“Khaila….cukup kau menggorogoti benakku
dengan senyummu yang manis…..senyum yang memberiku kebahagian sejenak di alam
mimpi….”
“Bang….senyumku….adalah kekuatan atas
segala rasa yang pernah ku patrikan kepadamu walau sejenak kita bersama, walau
sejuta mimpi yang tak dapat terpenuhi tapi itu membuatku berada di surga…”
Kutipan message dari kaila yang membuatku menyerah dengan perdaban
globalisasi…Khaila yang telah membangun pondasi di sudut batin-batin yang
merindu…di sudut batin yang gusar tentang lentik mata dan mendamparnya di
lorong-lorong kegalauan pas depan kamar di wisma itu.
Ia telah berenang dengan kalbu dan
melukiskan pelangi di sela-sela kebisingan penat yang terpaku dalam sepi…dan
kini menjadi butiran-butiran kristal yang mengalir dari awan pekat di kaca
jendela bus menuju salah satu kota Sulawesi Barat.
Kursi bernomor 23 dekat jendela, Aku
terpaku menatap senyum dibibir mungilnya dan nanar yang memancarkan cahaya
dibrokaku sebab itulah kenangan. Sebuah memory yang mesti tertepis dengan
sejuta risalah dan catatan sejarah digedung putih berlantai 5.
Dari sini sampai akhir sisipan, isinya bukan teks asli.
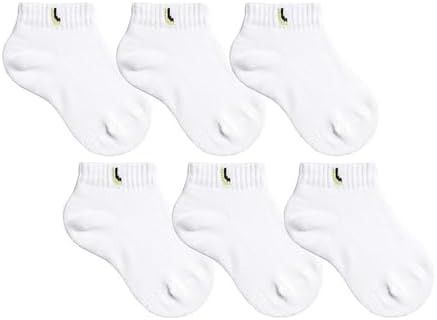 Kit 6 Pares Meia Infantil Lupo Unissex Algodão Tamanho 24 a 29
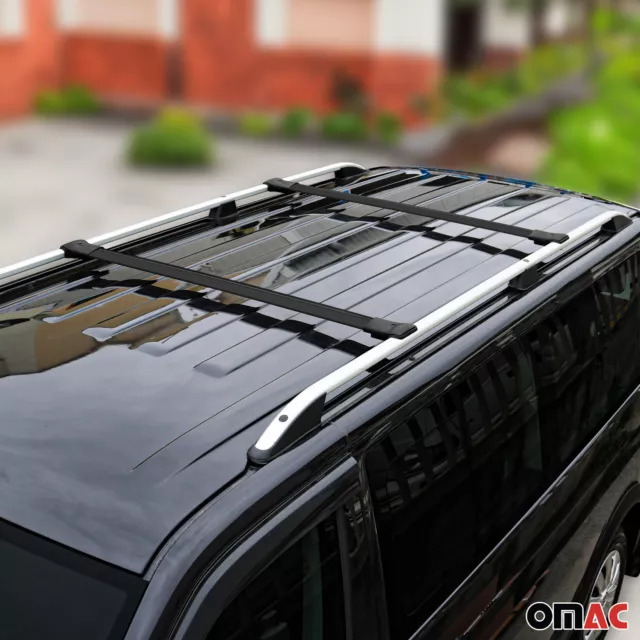 Dachträger Gepäckträger für Toyota Land Cruiser Prado 2002-2009 Alu Schwarz 2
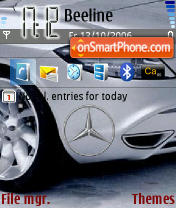 Capture d'écran Mercedes Benz SLR thème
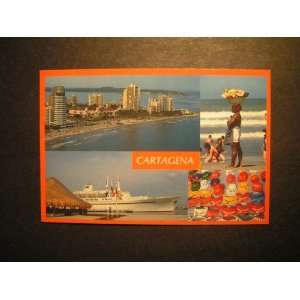  1980s Multi View, Cartagena, Colombia Postcard not 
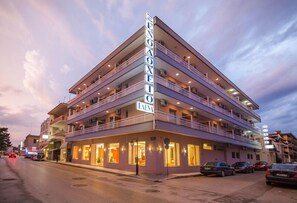 Blick von der Unterkunft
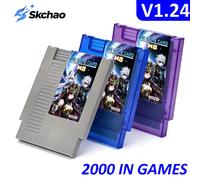 Carte de jeu NES N8PLUS 2000-en-1, collection de jeux multiples FC, version OSV1.24 pour ordinateur familial, lecteur NES 8 bits, console de jeu vidéo américaine Grey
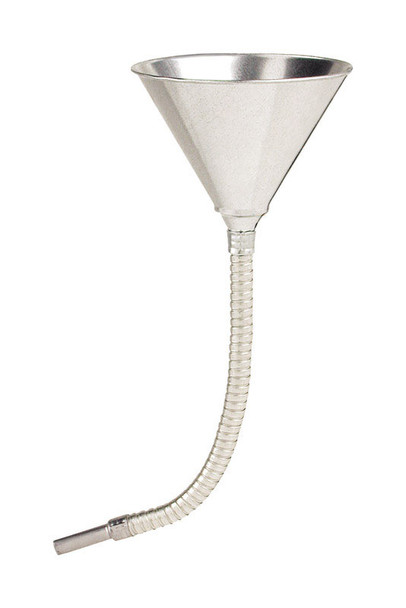 LubriMatic Steel Flexible Funnel with 17.5-inch Spout, 24 oz Capacity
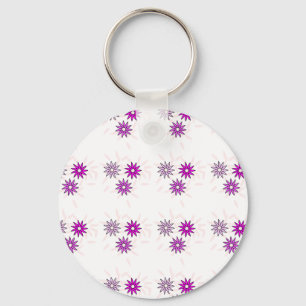 Chaveiro Design de flor branca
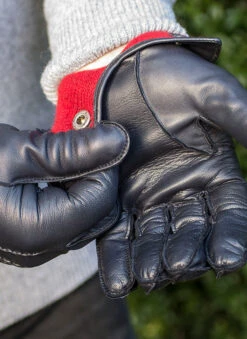 Men's Three-Point Red Cashmere-Lined Leather Gloves -Dents Luxury Accessories Sales 5 1539 Navy 3eed0572 f201 4af6 a124 8709b2d3e2d9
Di hadapan pelangi zaman-zaman silam
memaksaku untuk merenungi beberapa catatan-catatan jurnal dari risalah indah
yang pernah tercatat….Khaila….kau gadis kecil yang lugu telah mencatatkan kisah
indah di kalbu….kau gadis kecil bernanar lentik…menulis dengan kanvas di atas
pelangi pas ketika embun menyapa dengan irama suara muadzin berkumandang…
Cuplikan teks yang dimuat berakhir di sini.